**EXERCISE DATA:**
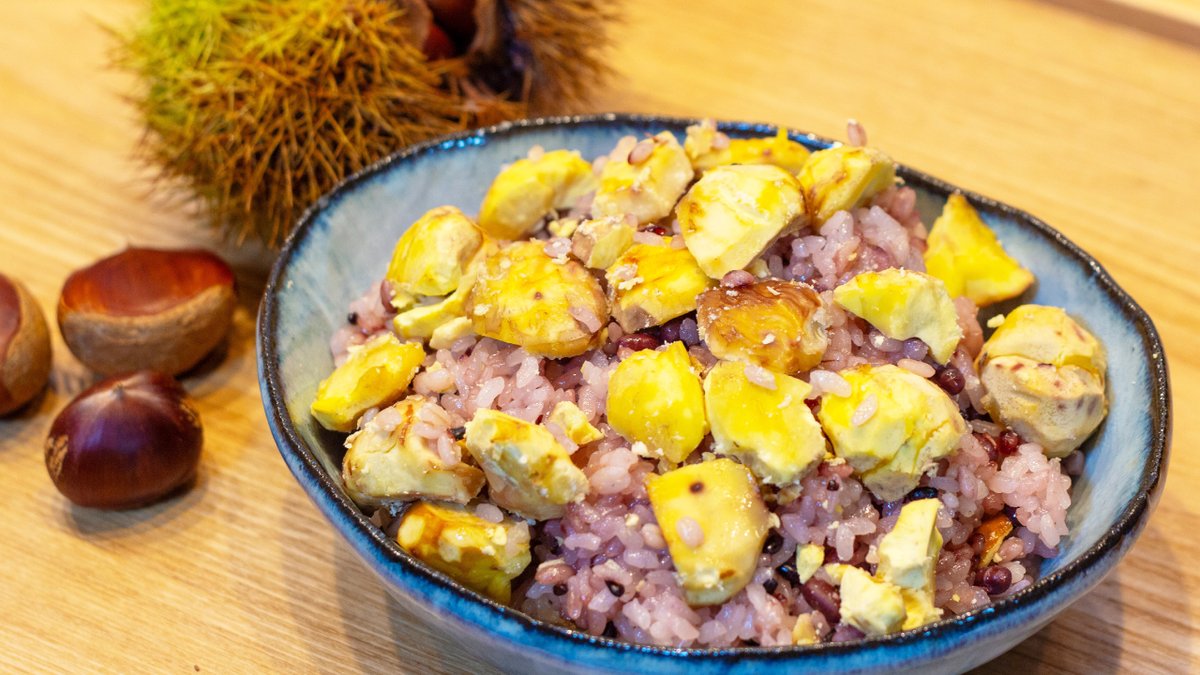 GreenKitchen0's tweet photo. 秋の味覚・栗と小豆をたっぷり使った「栗と小豆のもち麦おこわ」の作り方🌰

▼動画はこちら
https://t.co/TbNwOZ28vX https://t.co/xfX7rYVSPt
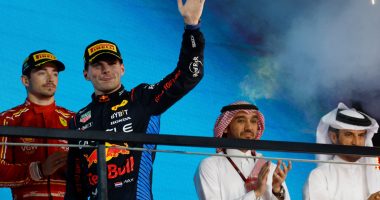 Verstappen wins F1 Saudi Arabian Grand Prix to extend winning streak | Motorsports News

**TASK TO CARRY OUT:** Transcribe the span of lines that runs from the line with "https://t.co/TbNwOZ28vX https://t.co/xfX7rYVSPt" to the end of the data, both ends included, exactly, with nothing else and no pictures.

**RESPONSE TO THIS EXERCISE:**
https://t.co/TbNwOZ28vX https://t.co/xfX7rYVSPt
 Verstappen wins F1 Saudi Arabian Grand Prix to extend winning streak | Motorsports News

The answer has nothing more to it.